- [Given entries]
********

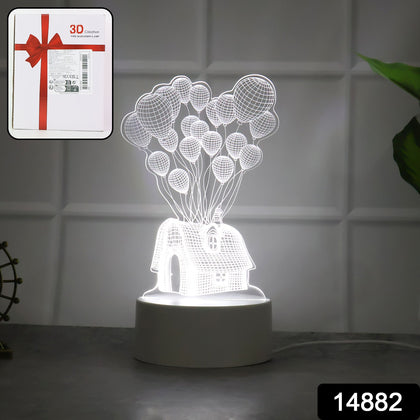 3D Illusion LED night light with house & balloons design glowing in a dark room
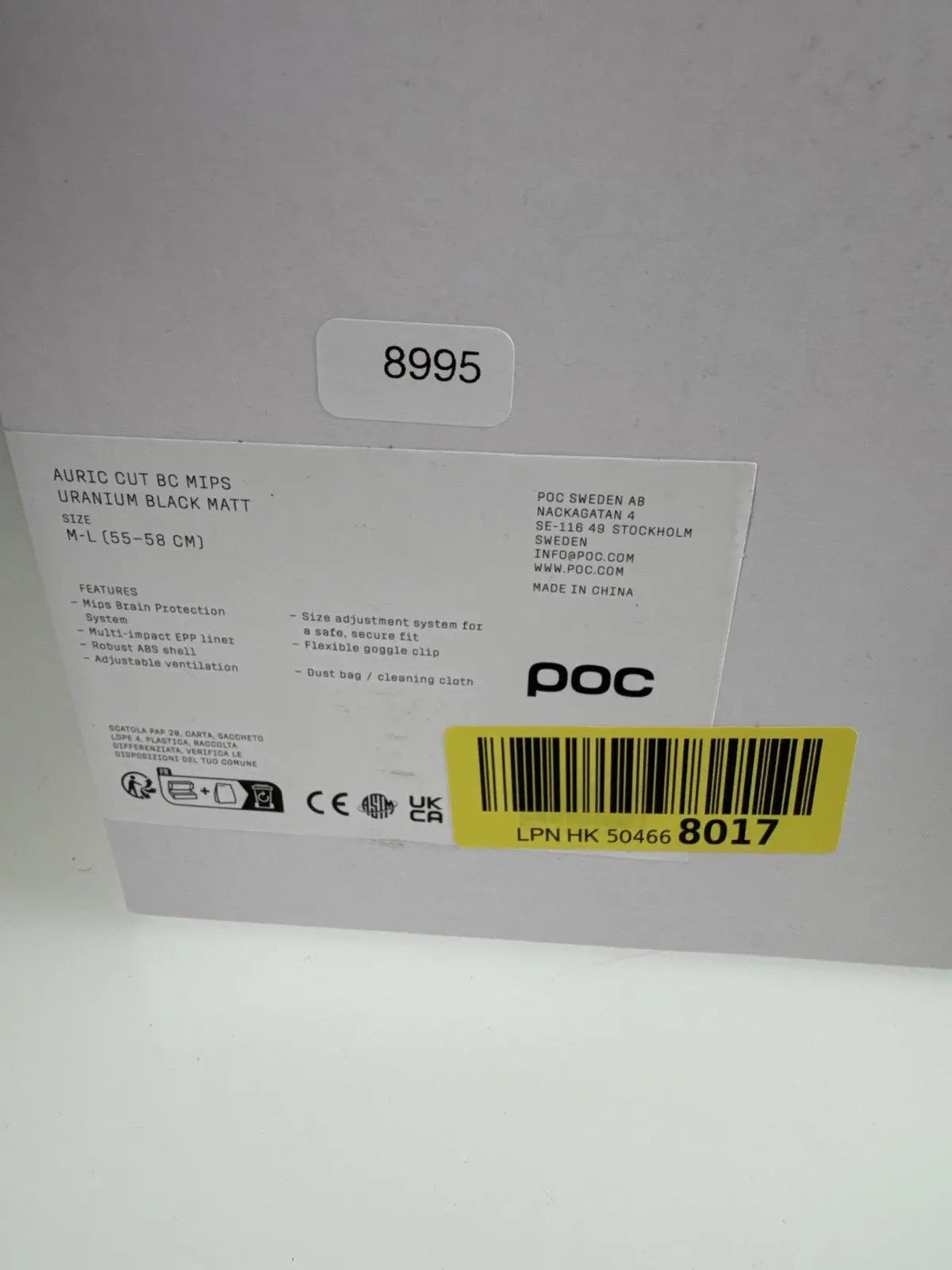 POC Auric Cut BC MIPS Skihelm - Größe 55-58cm #8995 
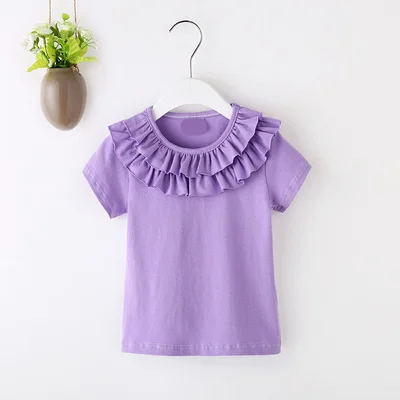 shuang purple Блузки для девочек хлопковые топы для детей, летняя школьная блузка для девочек детская одежда рубашка для девочек пляжная одежда с короткими рукавами для малышей, 73-130 - Цвет: shuang purple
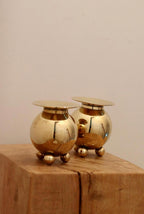 Pair of Mid-Century Swedish Brass Candle Holders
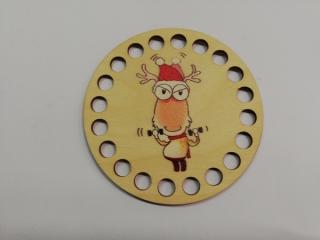 Dno na háčkované košíky  - překližka kruh vánoční sobík 2 10 cm (skladem)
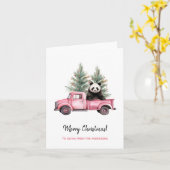 Funny Panda in Roze  Vrachtwagen Kerst Kaart (Gele Bloem)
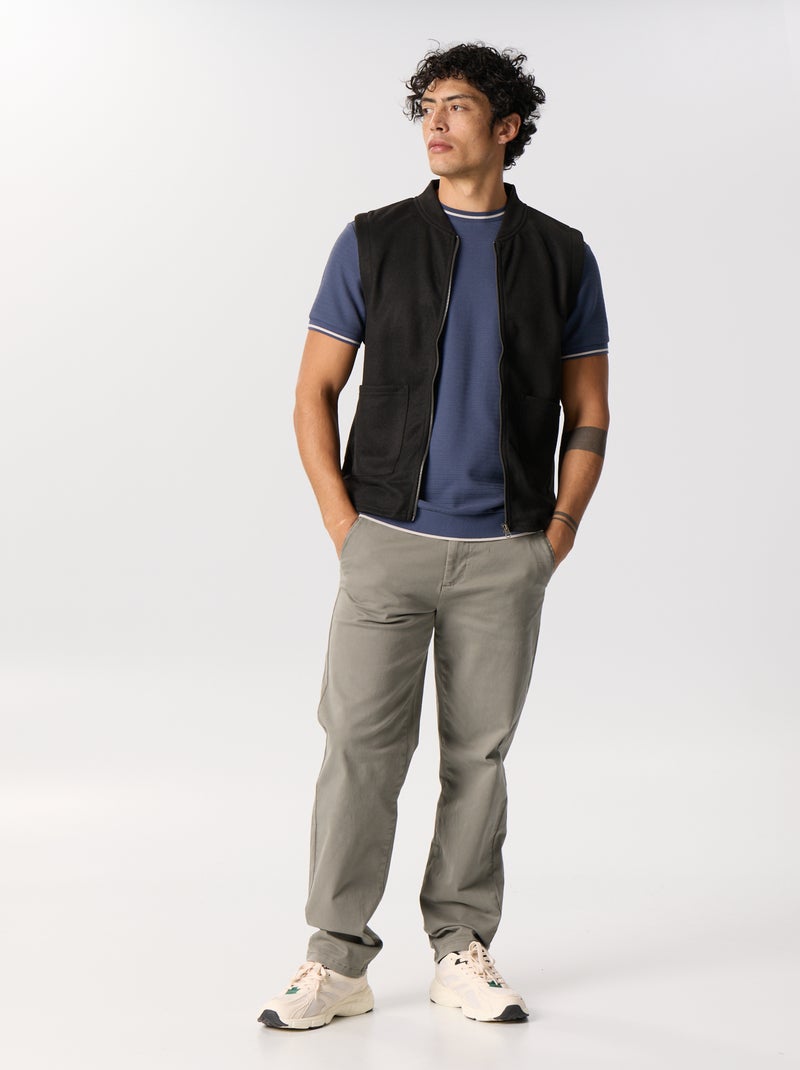 Sweat zippé sans manches Noir - Kiabi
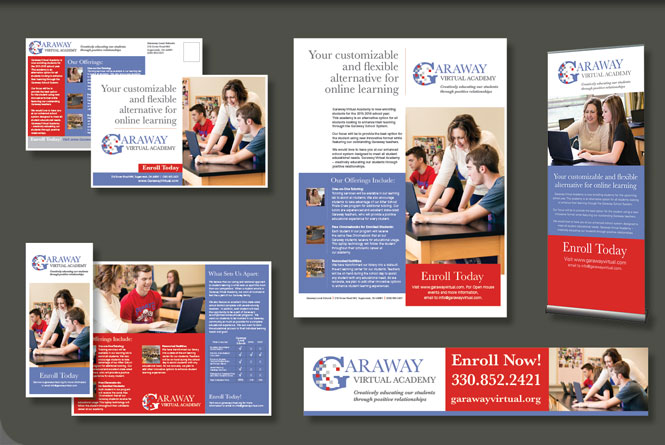 Enrollment marketing campaign material for Garaway Local School's virtual academy.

********

The answer should contain only the lines from the one with "shuang purple Блузки" through the last line of the material, given word for word and without pictures.

- [Task output]
 shuang purple Блузки для девочек хлопковые топы для детей, летняя школьная блузка для девочек детская одежда рубашка для девочек пляжная одежда с короткими рукавами для малышей, 73-130 - Цвет: shuang purple
 Pair of Mid-Century Swedish Brass Candle Holders
 Dno na háčkované košíky  - překližka kruh vánoční sobík 2 10 cm (skladem)
 Funny Panda in Roze  Vrachtwagen Kerst Kaart (Gele Bloem)
 Sweat zippé sans manches Noir - Kiabi
 Enrollment marketing campaign material for Garaway Local School's virtual academy.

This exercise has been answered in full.